■ **HOW TO COMPLETE THIS TASK**: Please set down every record exactly as it appears below.

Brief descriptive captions
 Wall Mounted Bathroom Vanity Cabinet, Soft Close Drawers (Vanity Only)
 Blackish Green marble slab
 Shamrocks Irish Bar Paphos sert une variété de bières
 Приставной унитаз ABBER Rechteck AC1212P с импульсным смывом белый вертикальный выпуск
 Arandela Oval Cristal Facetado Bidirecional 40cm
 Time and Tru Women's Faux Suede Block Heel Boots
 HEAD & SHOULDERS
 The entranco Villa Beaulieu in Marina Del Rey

■ **TASK RESPONSE**:
 Wall Mounted Bathroom Vanity Cabinet, Soft Close Drawers (Vanity Only)
 Blackish Green marble slab
 Shamrocks Irish Bar Paphos sert une variété de bières
 Приставной унитаз ABBER Rechteck AC1212P с импульсным смывом белый вертикальный выпуск
 Arandela Oval Cristal Facetado Bidirecional 40cm
 Time and Tru Women's Faux Suede Block Heel Boots
 HEAD & SHOULDERS
 The entranco Villa Beaulieu in Marina Del Rey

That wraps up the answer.